• [Given data]:
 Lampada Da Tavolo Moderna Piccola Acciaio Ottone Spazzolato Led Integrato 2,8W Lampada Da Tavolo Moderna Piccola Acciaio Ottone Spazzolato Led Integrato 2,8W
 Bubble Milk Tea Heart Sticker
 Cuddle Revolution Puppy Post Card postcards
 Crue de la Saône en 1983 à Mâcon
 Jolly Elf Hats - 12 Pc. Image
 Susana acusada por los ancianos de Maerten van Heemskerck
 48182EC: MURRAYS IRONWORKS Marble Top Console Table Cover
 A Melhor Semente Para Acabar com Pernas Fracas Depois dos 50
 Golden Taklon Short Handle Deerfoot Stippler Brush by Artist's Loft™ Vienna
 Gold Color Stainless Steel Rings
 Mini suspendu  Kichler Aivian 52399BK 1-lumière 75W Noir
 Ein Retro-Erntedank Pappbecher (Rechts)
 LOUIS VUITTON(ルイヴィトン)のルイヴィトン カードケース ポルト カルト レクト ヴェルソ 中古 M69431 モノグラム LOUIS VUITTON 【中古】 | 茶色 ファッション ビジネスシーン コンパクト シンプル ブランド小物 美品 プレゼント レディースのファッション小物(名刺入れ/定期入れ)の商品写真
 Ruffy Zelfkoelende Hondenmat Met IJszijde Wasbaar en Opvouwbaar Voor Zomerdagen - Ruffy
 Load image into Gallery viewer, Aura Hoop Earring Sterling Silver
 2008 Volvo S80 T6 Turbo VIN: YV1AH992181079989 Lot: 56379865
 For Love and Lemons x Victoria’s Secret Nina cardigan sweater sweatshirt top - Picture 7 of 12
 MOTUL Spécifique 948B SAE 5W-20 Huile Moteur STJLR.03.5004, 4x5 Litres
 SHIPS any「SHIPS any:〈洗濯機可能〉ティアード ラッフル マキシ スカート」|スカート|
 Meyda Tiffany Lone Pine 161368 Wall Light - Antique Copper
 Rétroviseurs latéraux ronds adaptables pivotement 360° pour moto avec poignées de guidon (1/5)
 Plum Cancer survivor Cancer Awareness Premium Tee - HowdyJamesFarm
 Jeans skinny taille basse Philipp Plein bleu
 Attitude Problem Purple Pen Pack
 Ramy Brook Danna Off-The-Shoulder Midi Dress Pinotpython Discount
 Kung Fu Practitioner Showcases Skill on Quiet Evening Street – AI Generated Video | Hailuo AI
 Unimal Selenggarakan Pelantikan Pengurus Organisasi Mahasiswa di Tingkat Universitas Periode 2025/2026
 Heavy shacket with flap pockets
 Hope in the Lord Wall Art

• [Activity]: Please write out the records above once more, exactly and completely.

• [Problem solution]:
 Lampada Da Tavolo Moderna Piccola Acciaio Ottone Spazzolato Led Integrato 2,8W Lampada Da Tavolo Moderna Piccola Acciaio Ottone Spazzolato Led Integrato 2,8W
 Bubble Milk Tea Heart Sticker
 Cuddle Revolution Puppy Post Card postcards
 Crue de la Saône en 1983 à Mâcon
 Jolly Elf Hats - 12 Pc. Image
 Susana acusada por los ancianos de Maerten van Heemskerck
 48182EC: MURRAYS IRONWORKS Marble Top Console Table Cover
 A Melhor Semente Para Acabar com Pernas Fracas Depois dos 50
 Golden Taklon Short Handle Deerfoot Stippler Brush by Artist's Loft™ Vienna
 Gold Color Stainless Steel Rings
 Mini suspendu  Kichler Aivian 52399BK 1-lumière 75W Noir
 Ein Retro-Erntedank Pappbecher (Rechts)
 LOUIS VUITTON(ルイヴィトン)のルイヴィトン カードケース ポルト カルト レクト ヴェルソ 中古 M69431 モノグラム LOUIS VUITTON 【中古】 | 茶色 ファッション ビジネスシーン コンパクト シンプル ブランド小物 美品 プレゼント レディースのファッション小物(名刺入れ/定期入れ)の商品写真
 Ruffy Zelfkoelende Hondenmat Met IJszijde Wasbaar en Opvouwbaar Voor Zomerdagen - Ruffy
 Load image into Gallery viewer, Aura Hoop Earring Sterling Silver
 2008 Volvo S80 T6 Turbo VIN: YV1AH992181079989 Lot: 56379865
 For Love and Lemons x Victoria’s Secret Nina cardigan sweater sweatshirt top - Picture 7 of 12
 MOTUL Spécifique 948B SAE 5W-20 Huile Moteur STJLR.03.5004, 4x5 Litres
 SHIPS any「SHIPS any:〈洗濯機可能〉ティアード ラッフル マキシ スカート」|スカート|
 Meyda Tiffany Lone Pine 161368 Wall Light - Antique Copper
 Rétroviseurs latéraux ronds adaptables pivotement 360° pour moto avec poignées de guidon (1/5)
 Plum Cancer survivor Cancer Awareness Premium Tee - HowdyJamesFarm
 Jeans skinny taille basse Philipp Plein bleu
 Attitude Problem Purple Pen Pack
 Ramy Brook Danna Off-The-Shoulder Midi Dress Pinotpython Discount
 Kung Fu Practitioner Showcases Skill on Quiet Evening Street – AI Generated Video | Hailuo AI
 Unimal Selenggarakan Pelantikan Pengurus Organisasi Mahasiswa di Tingkat Universitas Periode 2025/2026
 Heavy shacket with flap pockets
 Hope in the Lord Wall Art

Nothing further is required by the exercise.